FreeFolio: Your Portfolio, Your Way

Problem & Motivation

Investing can be overwhelming for novice investors who lack financial expertise or access to affordable advice. Current solutions, such as human advisors or robo-advisors, are costly and often fail to provide personalized guidance aligned with users' values and goals. This leaves many retail investors without accessible, tailored investment tools.

FreeFolio addresses this gap by offering a free, AI-powered platform that simplifies portfolio creation through natural language inputs. By removing cost barriers and providing personalized, user-friendly tools, FreeFolio empowers novice and DIY investors to make informed financial decisions, democratizing access to investment opportunities.

Data Source & Data Science Approach

FreeFolio integrates structured and unstructured financial data using a sophisticated ReAct-agent system to deliver personalized portfolio recommendations and investment insights. The pipeline architecture leverages modern AI techniques, ensuring scalability and accuracy in portfolio management.
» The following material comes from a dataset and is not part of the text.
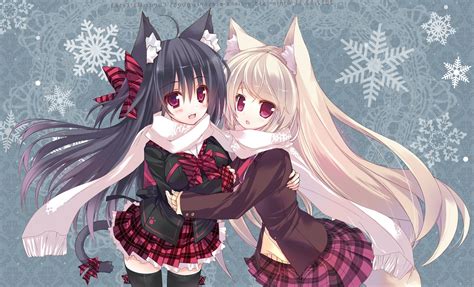 anime, Anime Girls, Cat Girl, Scarf, Animal Ears, Nekomimi, Original ...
The platform relies on diverse financial data sources:

  1. Structured Data:
    • Data from SQL databases is sourced via YFinance API. This includes metrics such as market capitalization, sector performance, and key financial ratios.
    • User-specific portfolio data is maintained dynamically in memory, enabling real-time modifications and insights.
  2. Unstructured Data:
    • Regulatory filings (e.g., 10-K and 10-Q documents) are retrieved from the EDGAR database. These documents are processed into semantic embeddings using Amazon SageMaker, stored in a persistent VectorDB for quick retrieval.

These data sources ensure that FreeFolio provides both granular numerical analysis and contextual financial insights.

Data Collection, Processing, and Integration

  1. Unstructured Data Pipeline (for RAG Agent):
    • Data Collection: Financial filings are scraped from the EDGAR database, compressed into EC2 storage, and uploaded to an S3 object store.
    • Preprocessing: The documents are chunked for efficient indexing.
    • Embedding Creation: SageMaker generates embeddings for semantic search, stored in a VectorDB for fast context retrieval.
    • Integration: The Retrieval-Augmented Generation (RAG) agent queries this pipeline for relevant textual information.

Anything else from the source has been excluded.